It's a musical form that's called many things: contemporary classical, musical modernism, new music. Tom Service of The Guardian calls it "music that is very much at the heart of our modern world." It's a musical form that's thriving in the campuses and small cities of western Massachusetts, where it will be celebrated at the Five College New Music Festival at the University of Massachusetts' Bezanson Recital Hall in Amherst, September 6 - 8. The festival is free and open to the public.
New music emerged in the first half of the 20th century as an adventurous extension of classical, jazz and other forms and is considered by many vital to the future of classical music. Anthony Tommasini, the classical music critic for the New York Times, wrote in 2011: "The inclusion of new music has always been important, not just for its own sake ? that is, for the future of the art form ? but as a way to keep older works vibrant by juxtaposing them with the new."
Vibrant could be used to describe the new music scene in western Massachusetts. Of the two dozen composers whose work will be presented in the three-day festival, half live in the area and have an association with the Five College campuses. "There is probably more happening within the new music format in this area than in just about any other college area," says Sal Macchia, a UMass music professor and composer.
This creative activity inspired the creation of the first festival in 2009 by Macchia, UMass music professor and violinist Elizabeth Chang and Amherst College professor and composer Eric Sawyer. They followed it with a festival in 2011, and Macchia and Chang have collaborated to organize this year's events, which will include five concerts over three days played by Five College students, faculty members and friends of the campuses.
The September 6 Five College Composers Concert will feature the work of Daniel Warner of Hampshire College, Kate Soper of Smith, David Sanford of Mount Holyoke, Macchia and Sawyer.
September 7 includes three concerts, with the first featuring newly commissioned works for the Violin Duo Project and the Piano Four-Hand Project, plus the winner of the Five College Composition Competition, Juhi Bansal. Following it will be a concert of electro-acoustic music, and that evening the Heritage Concert will have many Five College connections.
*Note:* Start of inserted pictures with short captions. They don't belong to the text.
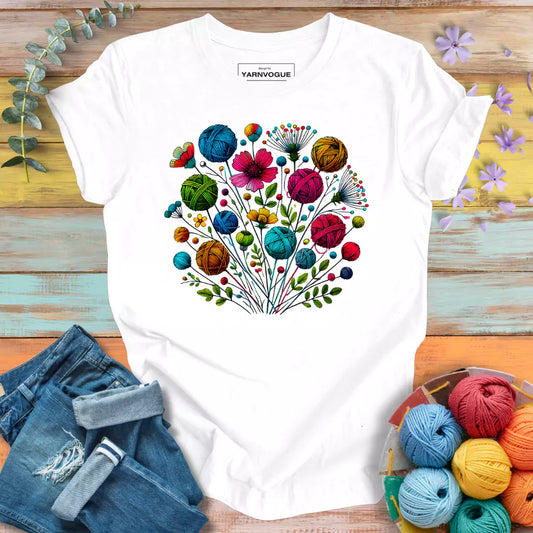 Blooming Yarns T-shirt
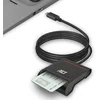 Image de ACT Lecteur de Carte Eid Belgium, Lecteur de Carte USB C, ne Convient Pas pour l'application d'identité 2, Power LED AC6020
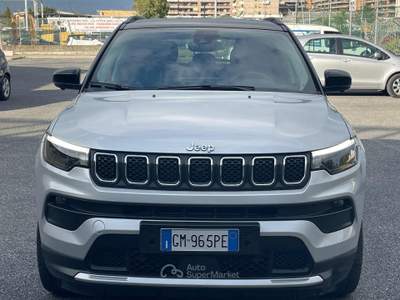 Jeep Compass 1.3 Turbo T4 190CV PHEV AT6 4xe Limited PREZZOVERO Argento usata Fiumicino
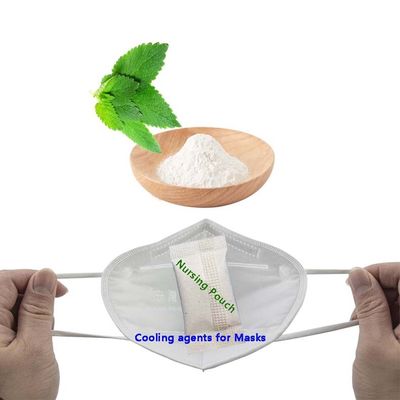 China cooling agents ws-23 help prevent discomfort from wearing mask CAS 51115-67-4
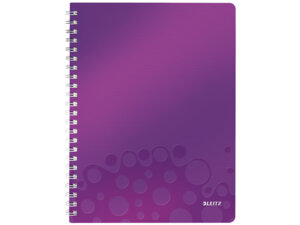 Esselte Leitz LEITZ Spiralbuch WOW PP A4 4638-00-62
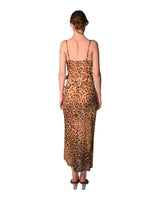Ravello Leopard Mesh Dress
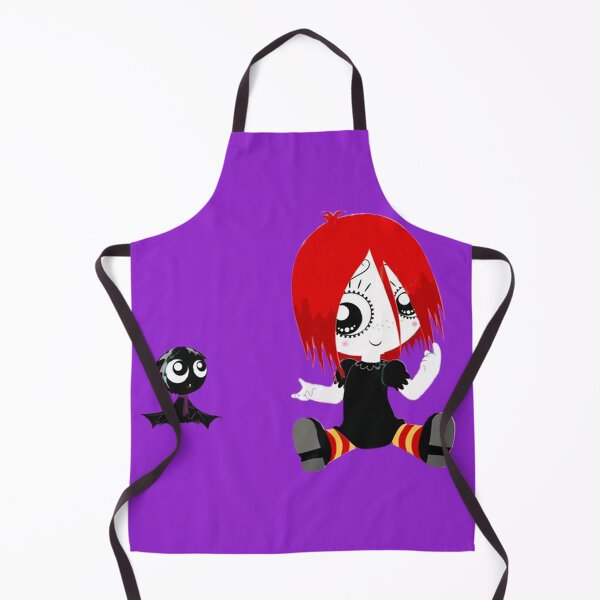 Item preview, Rain Soaked Ruby and Scaredy Bat designed and sold by QueenAlicorn.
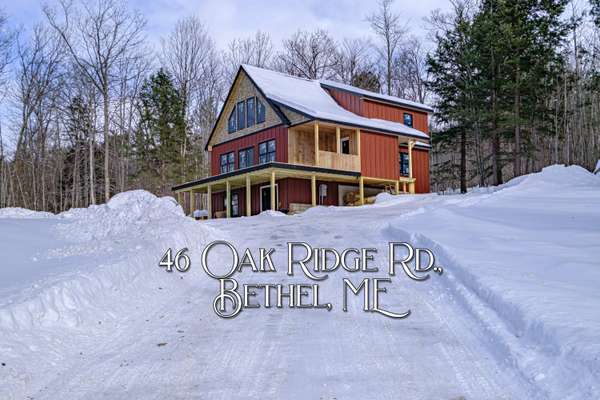 46 Oak Ridge RD, Bethel, ME 04217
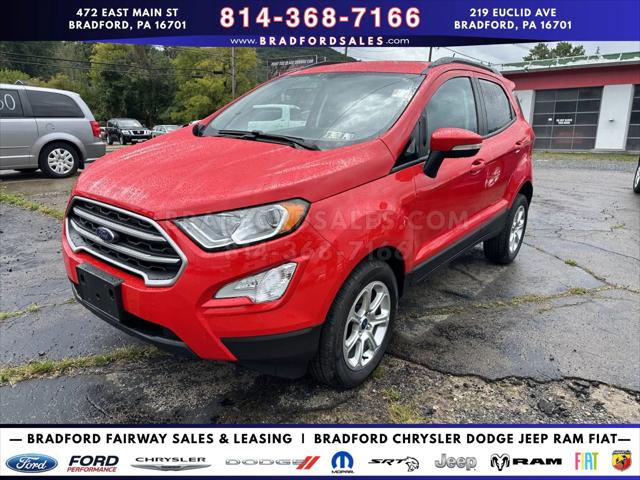 2022 Ford EcoSport SE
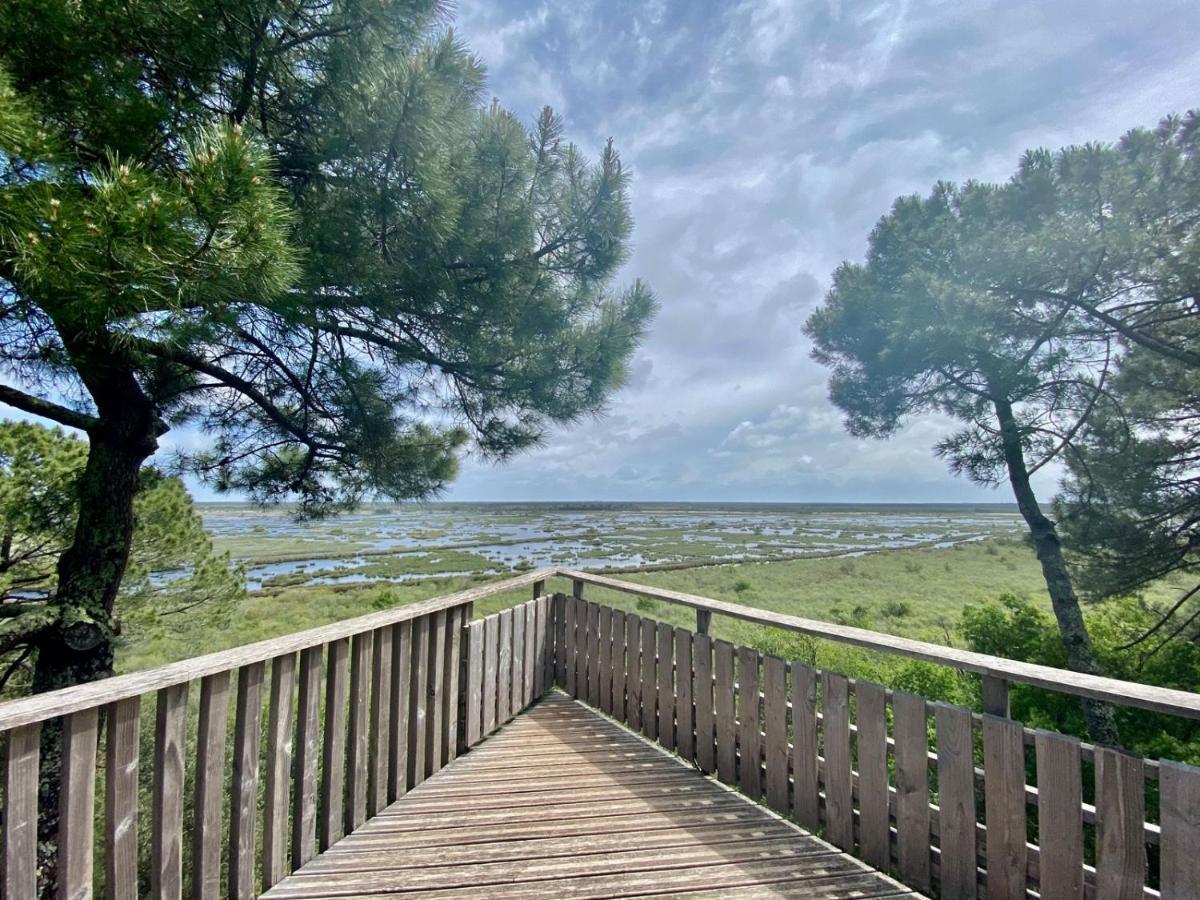 Maison Piscine 4 Ch Carcans Medoc Bassin Arcachon Exteriör bild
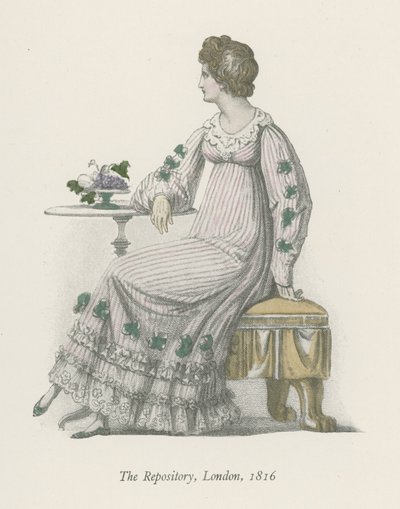 The Repository，London，1816 作者 英语学校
Featured composers will be UMass professor Bruce Maccombie, UMass emeritus professor Robert Stern, Amherst alumnus Scott Wheeler and Amherst emeritus professor Lewis Spratlan. In addition, the work of Morton Feldman and Franco Donatoni will be played.
The festival will conclude on September 8 with the Horizons Concert. Each day will also include a pre-concert talk by Five College faculty members. Schedule details and other information can be found at www.5cnmf.com.